One-pager creation workflow: Steps to clear communication
Here’s a concise workflow to create and maintain your Monitor vs. Manage document:
- Define scope: Create a two-column table separating “We Monitor (Alert Only)” from “We Manage (Action + Support)” with specific examples for each category.
- Design template: Use a simple tool (Word, Docs) to create a visually clean layout with your branding, icons, and color coding for instant recognition.
- Populate with data: Pull real metrics from your RMM (e.g., Windows 11 patch dates, uptime stats) to add credibility to both sections of your client scope.
- Distribute at onboarding: Present the finalized one-pager during client kickoff meetings and embed it in your portal for ongoing reference.
- Maintain and update: Review the document quarterly during QBRs, using client feedback to keep your MSP management scope aligned with their evolving needs.
4 ways RMM can strengthen your one-pager
Your RMM platform provides the tools to build a credible, data-backed scope document.

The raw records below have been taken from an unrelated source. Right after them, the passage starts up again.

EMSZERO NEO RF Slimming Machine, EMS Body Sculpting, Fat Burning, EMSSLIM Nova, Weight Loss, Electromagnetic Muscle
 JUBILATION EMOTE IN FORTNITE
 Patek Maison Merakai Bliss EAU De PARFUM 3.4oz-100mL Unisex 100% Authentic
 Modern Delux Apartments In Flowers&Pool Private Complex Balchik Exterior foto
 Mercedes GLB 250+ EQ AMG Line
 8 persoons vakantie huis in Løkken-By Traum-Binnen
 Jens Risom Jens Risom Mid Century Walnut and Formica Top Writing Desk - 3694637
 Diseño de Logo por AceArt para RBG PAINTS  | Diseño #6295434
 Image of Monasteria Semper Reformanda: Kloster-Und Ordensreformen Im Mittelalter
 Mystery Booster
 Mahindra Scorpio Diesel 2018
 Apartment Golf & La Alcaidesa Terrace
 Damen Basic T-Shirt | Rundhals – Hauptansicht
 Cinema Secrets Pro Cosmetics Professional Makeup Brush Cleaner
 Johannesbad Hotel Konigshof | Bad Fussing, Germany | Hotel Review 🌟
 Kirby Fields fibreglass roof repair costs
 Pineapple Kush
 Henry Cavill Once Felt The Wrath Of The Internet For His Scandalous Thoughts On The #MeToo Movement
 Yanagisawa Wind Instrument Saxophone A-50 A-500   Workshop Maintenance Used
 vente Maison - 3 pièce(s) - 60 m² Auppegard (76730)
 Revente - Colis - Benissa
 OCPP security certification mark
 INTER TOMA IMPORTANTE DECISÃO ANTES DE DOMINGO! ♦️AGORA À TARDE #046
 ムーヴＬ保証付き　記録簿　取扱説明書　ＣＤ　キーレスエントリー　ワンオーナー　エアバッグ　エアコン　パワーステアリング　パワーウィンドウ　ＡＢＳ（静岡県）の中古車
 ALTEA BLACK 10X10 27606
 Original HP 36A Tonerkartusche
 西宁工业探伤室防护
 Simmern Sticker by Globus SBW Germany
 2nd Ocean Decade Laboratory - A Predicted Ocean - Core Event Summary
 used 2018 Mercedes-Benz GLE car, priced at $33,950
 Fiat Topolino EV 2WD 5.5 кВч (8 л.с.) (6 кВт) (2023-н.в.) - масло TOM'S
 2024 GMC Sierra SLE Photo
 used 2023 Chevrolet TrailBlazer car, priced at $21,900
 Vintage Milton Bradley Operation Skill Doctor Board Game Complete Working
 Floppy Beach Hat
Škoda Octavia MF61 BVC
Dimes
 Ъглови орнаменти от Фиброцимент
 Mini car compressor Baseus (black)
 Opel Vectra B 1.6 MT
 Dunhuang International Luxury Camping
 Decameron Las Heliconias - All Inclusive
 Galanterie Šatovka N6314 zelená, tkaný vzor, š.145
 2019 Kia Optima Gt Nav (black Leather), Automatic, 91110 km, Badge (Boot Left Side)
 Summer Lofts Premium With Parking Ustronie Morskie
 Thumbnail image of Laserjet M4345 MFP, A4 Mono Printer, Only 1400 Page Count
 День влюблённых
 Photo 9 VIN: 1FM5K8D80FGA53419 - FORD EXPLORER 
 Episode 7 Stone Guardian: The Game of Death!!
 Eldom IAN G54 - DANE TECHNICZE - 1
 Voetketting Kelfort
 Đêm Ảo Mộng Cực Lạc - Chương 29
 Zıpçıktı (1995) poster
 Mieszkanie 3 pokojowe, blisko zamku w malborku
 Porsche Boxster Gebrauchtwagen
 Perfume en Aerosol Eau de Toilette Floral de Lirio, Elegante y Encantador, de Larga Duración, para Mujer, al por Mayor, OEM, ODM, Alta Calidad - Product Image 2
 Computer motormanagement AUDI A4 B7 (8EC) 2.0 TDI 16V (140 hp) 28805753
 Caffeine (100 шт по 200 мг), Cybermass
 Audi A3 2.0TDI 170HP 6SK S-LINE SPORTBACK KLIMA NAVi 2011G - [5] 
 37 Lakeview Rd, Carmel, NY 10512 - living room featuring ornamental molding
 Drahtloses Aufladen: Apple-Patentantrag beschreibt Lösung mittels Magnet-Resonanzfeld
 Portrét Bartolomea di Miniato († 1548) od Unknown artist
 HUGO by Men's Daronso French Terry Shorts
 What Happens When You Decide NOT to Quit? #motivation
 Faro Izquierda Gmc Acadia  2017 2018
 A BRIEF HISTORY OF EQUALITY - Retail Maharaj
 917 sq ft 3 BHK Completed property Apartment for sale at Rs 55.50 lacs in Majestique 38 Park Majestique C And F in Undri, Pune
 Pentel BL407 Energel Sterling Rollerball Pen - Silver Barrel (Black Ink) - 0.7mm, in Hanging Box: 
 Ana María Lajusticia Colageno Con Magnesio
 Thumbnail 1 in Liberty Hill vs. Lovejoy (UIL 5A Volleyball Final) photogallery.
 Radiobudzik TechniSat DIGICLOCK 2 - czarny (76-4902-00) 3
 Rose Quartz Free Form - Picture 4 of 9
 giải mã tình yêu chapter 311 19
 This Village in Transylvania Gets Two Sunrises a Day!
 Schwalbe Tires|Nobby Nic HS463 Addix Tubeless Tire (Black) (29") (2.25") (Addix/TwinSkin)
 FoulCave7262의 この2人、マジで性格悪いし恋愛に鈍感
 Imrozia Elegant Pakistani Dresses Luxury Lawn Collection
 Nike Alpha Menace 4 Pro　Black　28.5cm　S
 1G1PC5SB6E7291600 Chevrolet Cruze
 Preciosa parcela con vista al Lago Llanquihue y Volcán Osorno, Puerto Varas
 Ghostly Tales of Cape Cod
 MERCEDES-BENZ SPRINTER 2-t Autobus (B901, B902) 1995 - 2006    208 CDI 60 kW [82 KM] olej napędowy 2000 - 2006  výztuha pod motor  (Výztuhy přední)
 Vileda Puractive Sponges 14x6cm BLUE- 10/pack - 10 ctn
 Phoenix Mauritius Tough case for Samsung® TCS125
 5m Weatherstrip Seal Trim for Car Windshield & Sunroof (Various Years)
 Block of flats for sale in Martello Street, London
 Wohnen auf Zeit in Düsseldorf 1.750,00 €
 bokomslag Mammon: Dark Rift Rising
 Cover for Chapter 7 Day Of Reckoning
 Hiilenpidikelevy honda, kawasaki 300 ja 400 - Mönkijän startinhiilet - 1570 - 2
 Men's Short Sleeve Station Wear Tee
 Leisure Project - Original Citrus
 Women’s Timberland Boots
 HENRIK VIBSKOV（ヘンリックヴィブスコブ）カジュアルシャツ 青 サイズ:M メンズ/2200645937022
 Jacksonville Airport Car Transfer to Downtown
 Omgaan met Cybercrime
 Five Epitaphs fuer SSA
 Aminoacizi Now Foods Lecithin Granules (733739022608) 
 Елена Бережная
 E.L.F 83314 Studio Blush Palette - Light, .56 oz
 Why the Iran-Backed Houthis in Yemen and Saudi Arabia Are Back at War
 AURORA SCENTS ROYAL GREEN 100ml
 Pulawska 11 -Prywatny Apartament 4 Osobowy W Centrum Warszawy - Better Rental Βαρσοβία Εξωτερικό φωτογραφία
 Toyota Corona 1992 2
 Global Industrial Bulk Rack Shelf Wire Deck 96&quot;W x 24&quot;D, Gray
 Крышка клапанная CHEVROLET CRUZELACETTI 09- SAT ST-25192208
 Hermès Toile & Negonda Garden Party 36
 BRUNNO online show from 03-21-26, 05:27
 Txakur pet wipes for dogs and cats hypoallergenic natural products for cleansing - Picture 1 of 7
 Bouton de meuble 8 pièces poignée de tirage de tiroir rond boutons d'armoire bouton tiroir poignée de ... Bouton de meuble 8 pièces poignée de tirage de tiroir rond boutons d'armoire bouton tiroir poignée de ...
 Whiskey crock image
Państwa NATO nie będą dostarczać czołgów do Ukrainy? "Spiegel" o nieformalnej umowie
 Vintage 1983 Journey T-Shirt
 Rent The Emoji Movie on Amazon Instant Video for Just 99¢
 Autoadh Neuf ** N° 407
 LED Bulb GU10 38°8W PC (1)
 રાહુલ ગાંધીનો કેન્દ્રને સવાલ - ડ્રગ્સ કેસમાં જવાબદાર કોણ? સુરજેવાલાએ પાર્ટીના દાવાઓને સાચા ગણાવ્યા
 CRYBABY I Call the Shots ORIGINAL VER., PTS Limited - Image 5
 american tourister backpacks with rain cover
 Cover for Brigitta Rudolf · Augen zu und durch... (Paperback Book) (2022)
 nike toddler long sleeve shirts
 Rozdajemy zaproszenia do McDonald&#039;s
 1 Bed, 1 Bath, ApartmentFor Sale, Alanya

- Export verified dashboard metrics: Pull uptime, alert, and Windows 11 patch compliance reports directly from your RMM. For instance, NinjaOne’s reporting exports Patch Management and Device Health data, providing real proof of uptime and patch compliance for your one-pager.
- Tag features to columns: Align your RMM’s capabilities with your one-pager columns, like NinjaOne’s Auto-remediation workflows and scripted actions linking directly to your “We Manage” column to demonstrate proactive, automated resolutions.
- Embed live metrics: Insert live dashboard widgets or screenshots into your template. NinjaOne, for instance, has real-time dashboard widgets for device health and patch status to provide transparent, live service evidence.
- Archive in client documentation: Store the finalized one-pager within your RMM’s client documentation. NinjaOne has a documentation tool that ensures easy access and serving as a single source of truth for the agreed-upon client scope.
Build data-backed one-pagers with NinjaOne, helping you export real metrics, embed live dashboards, and archive per client for transparency.
→ See how NinjaOne can strengthen your scope
Your “Monitor vs Manage” one-pager: The foundation of client trust
This specific “Monitor vs Manage” IT one-pager transforms client relationships by visually distinguishing monitored alerts from managed resolutions, eliminating guesswork and building transparency.
By implementing this clear two-column structure with real RMM data, specific examples, and a feedback mechanism, you create a living document that demonstrates value and grows with client needs.
This straightforward approach prevents frustration and consistently reinforces your partnership, making this focused one-pager an essential tool for any modern MSP committed to clear communication and trust.